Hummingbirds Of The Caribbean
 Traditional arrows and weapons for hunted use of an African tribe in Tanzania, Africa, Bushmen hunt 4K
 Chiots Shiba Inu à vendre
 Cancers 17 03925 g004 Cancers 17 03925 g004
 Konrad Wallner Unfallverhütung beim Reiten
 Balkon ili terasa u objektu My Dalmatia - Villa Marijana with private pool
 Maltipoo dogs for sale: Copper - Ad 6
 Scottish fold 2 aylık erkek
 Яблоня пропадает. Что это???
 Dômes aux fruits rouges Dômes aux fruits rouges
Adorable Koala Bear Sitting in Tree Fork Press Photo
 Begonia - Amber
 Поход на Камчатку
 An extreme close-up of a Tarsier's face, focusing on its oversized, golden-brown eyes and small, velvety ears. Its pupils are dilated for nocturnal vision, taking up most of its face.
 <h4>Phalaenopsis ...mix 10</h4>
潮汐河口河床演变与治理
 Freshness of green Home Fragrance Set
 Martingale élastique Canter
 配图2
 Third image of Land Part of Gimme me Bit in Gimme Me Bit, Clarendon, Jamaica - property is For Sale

What to produce »
Transcribe exactly, and only, the lines from the one holding "<h4>Phalaenopsis ...mix 10</h4>" through the final line of the listing.

Response to this exercise »
 <h4>Phalaenopsis ...mix 10</h4>
潮汐河口河床演变与治理
 Freshness of green Home Fragrance Set
 Martingale élastique Canter
 配图2
 Third image of Land Part of Gimme me Bit in Gimme Me Bit, Clarendon, Jamaica - property is For Sale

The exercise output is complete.